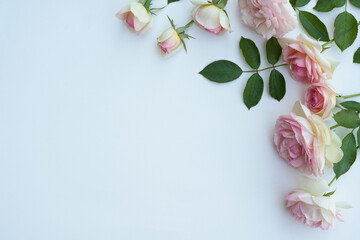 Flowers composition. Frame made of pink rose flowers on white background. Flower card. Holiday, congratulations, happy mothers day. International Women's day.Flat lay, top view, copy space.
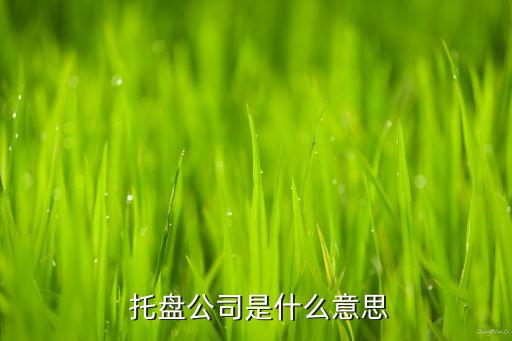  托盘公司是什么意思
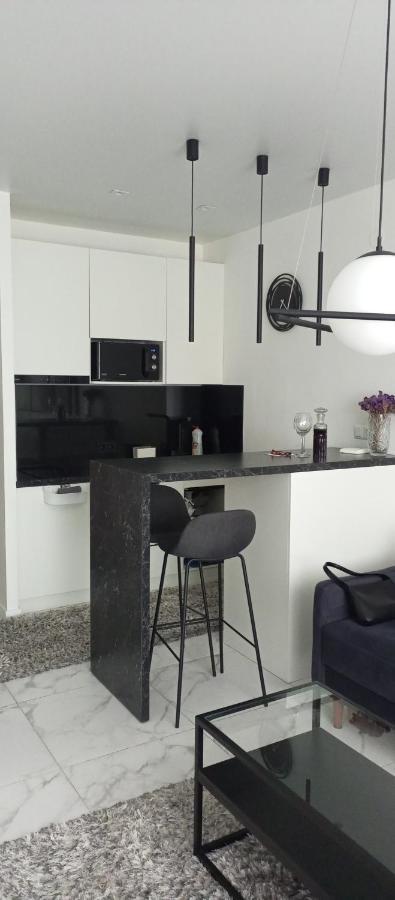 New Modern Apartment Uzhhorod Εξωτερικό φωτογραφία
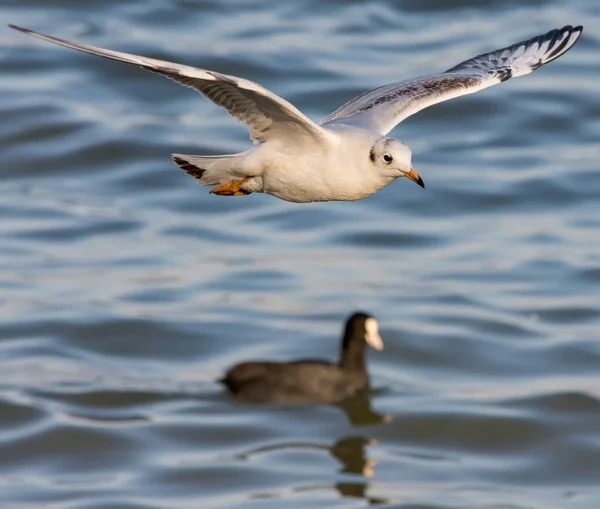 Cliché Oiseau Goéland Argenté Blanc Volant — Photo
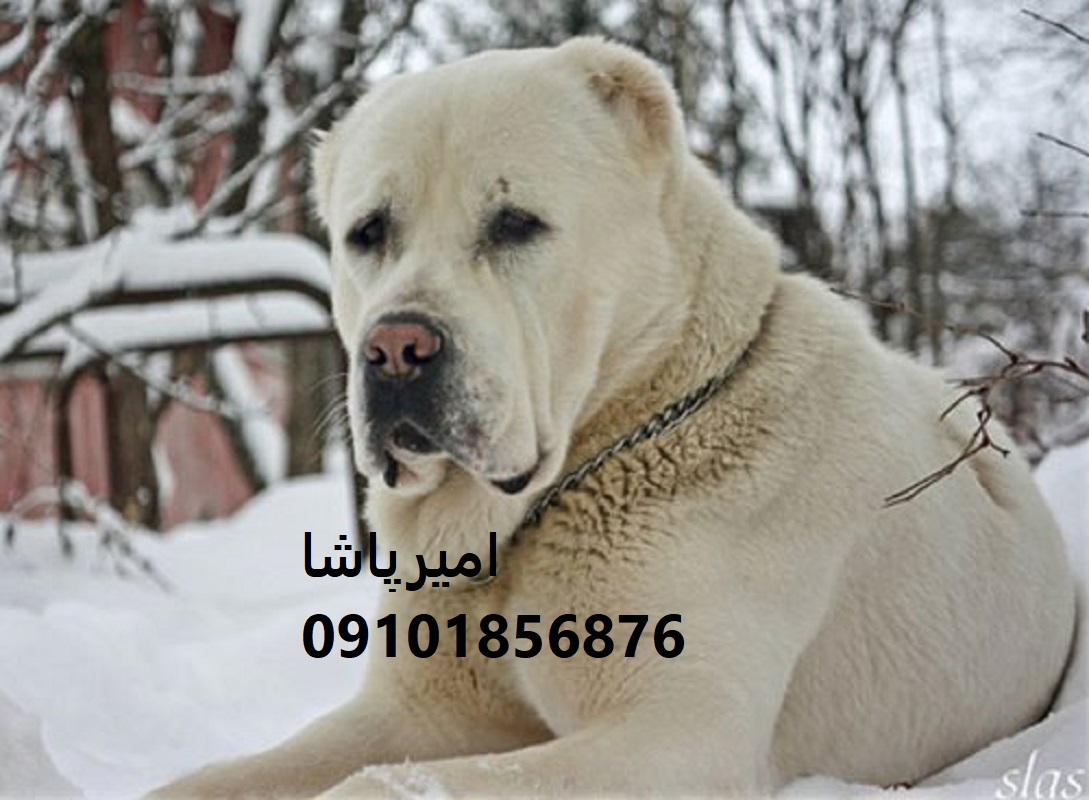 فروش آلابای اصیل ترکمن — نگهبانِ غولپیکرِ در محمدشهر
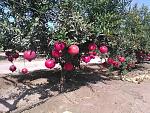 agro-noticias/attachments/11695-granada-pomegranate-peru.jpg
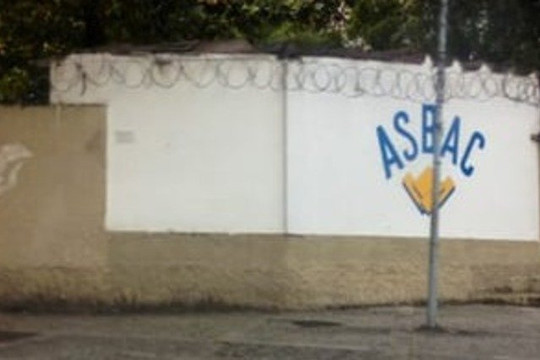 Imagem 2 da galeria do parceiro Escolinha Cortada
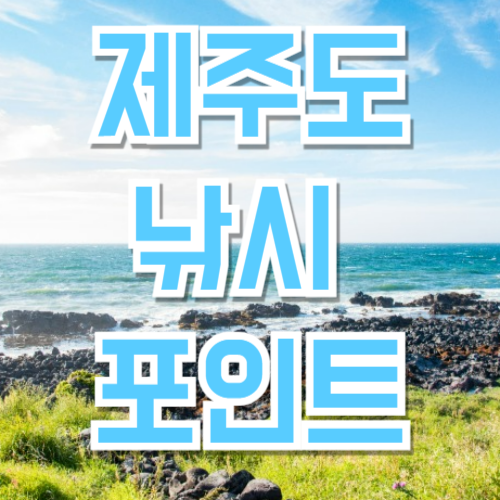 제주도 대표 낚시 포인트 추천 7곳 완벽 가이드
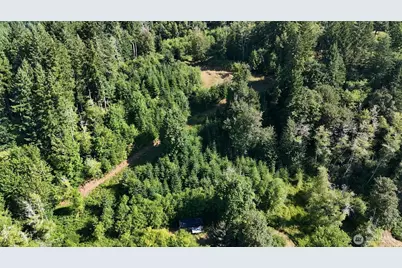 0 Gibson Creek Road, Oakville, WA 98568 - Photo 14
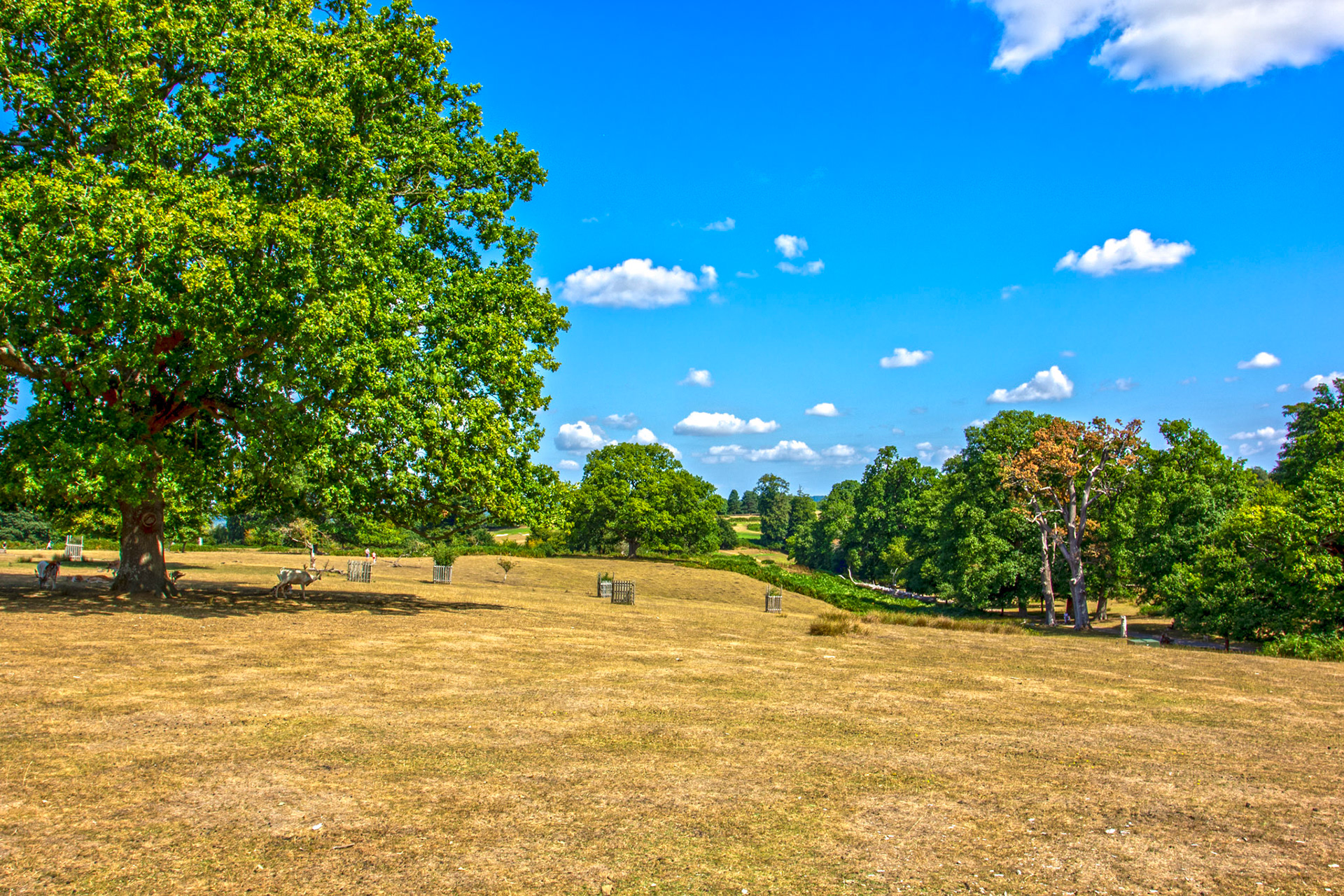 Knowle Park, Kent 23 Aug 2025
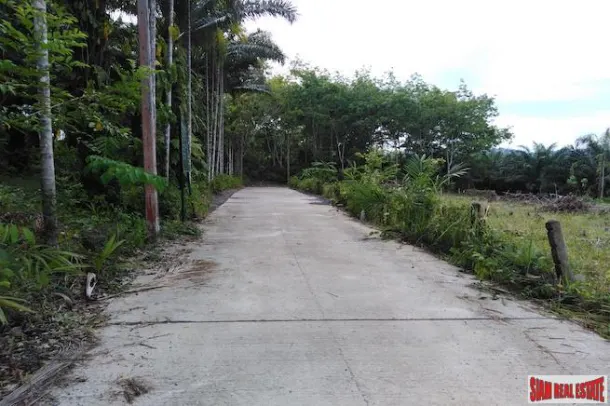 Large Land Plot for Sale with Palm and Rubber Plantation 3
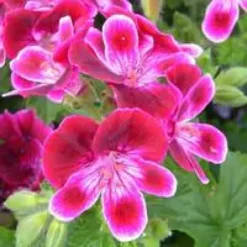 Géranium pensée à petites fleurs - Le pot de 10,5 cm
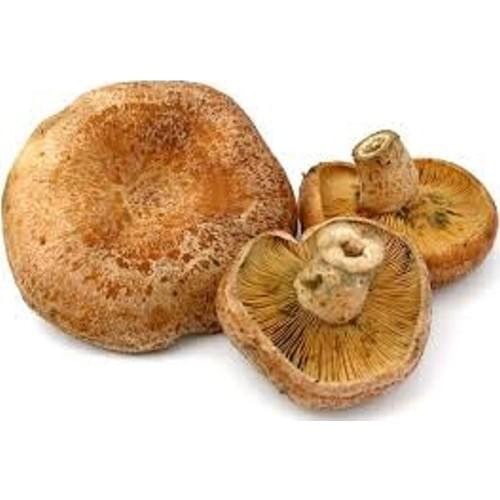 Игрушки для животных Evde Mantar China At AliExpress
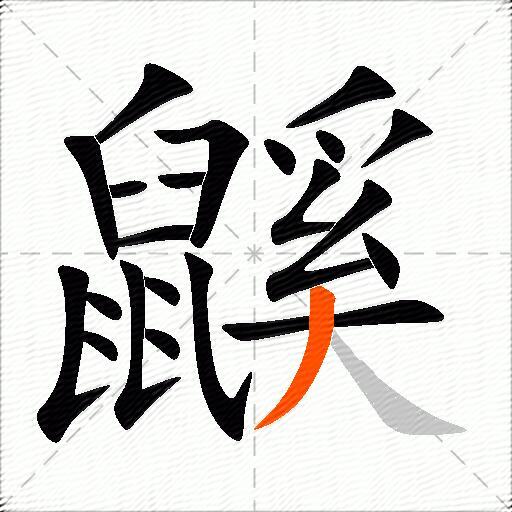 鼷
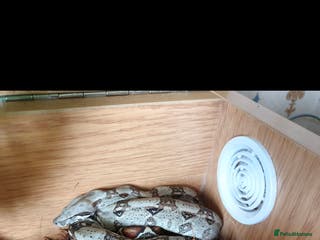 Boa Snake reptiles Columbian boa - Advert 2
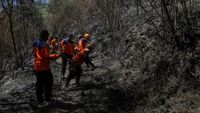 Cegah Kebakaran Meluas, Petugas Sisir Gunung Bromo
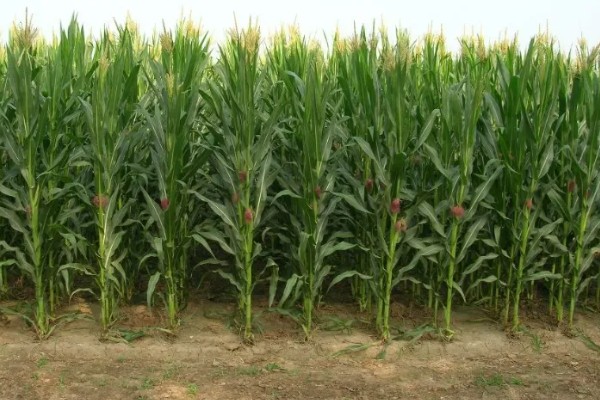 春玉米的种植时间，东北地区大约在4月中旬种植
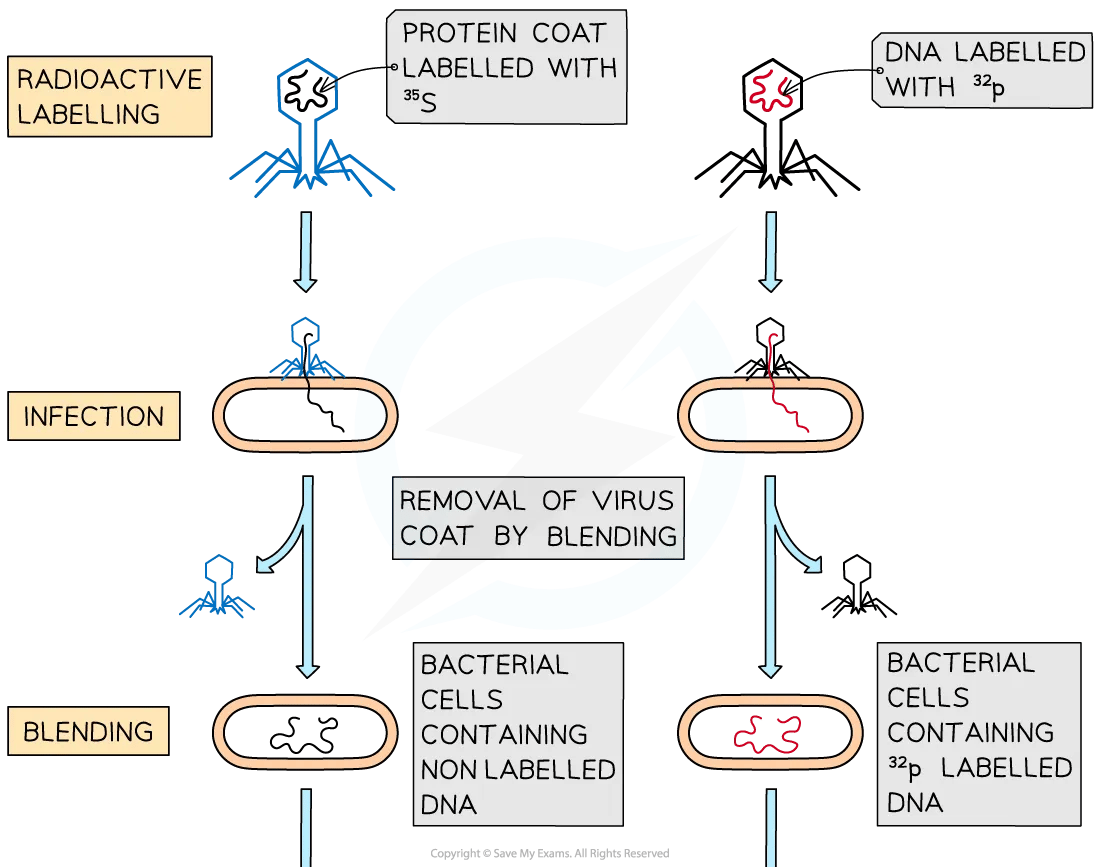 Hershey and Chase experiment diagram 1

§ **WHAT YOU ARE ASKED TO DO**: Reproduce every record above exactly as given, excluding pictures from the result.

§ **EXERCISE SOLUTION**:
 Flowers composition. Frame made of pink rose flowers on white background. Flower card. Holiday, congratulations, happy mothers day. International Women's day.Flat lay, top view, copy space.
  托盘公司是什么意思
 New Modern Apartment Uzhhorod Εξωτερικό φωτογραφία
 Cliché Oiseau Goéland Argenté Blanc Volant — Photo
 فروش آلابای اصیل ترکمن — نگهبانِ غولپیکرِ در محمدشهر
 agro-noticias/attachments/11695-granada-pomegranate-peru.jpg
 Imagem 2 da galeria do parceiro Escolinha Cortada
 제주도 대표 낚시 포인트 추천 7곳 완벽 가이드
 0 Gibson Creek Road, Oakville, WA 98568 - Photo 14
 Knowle Park, Kent 23 Aug 2025
 Large Land Plot for Sale with Palm and Rubber Plantation 3
 Géranium pensée à petites fleurs - Le pot de 10,5 cm
 Игрушки для животных Evde Mantar China At AliExpress
 鼷
 Boa Snake reptiles Columbian boa - Advert 2
 Cegah Kebakaran Meluas, Petugas Sisir Gunung Bromo
 春玉米的种植时间，东北地区大约在4月中旬种植
 Hershey and Chase experiment diagram 1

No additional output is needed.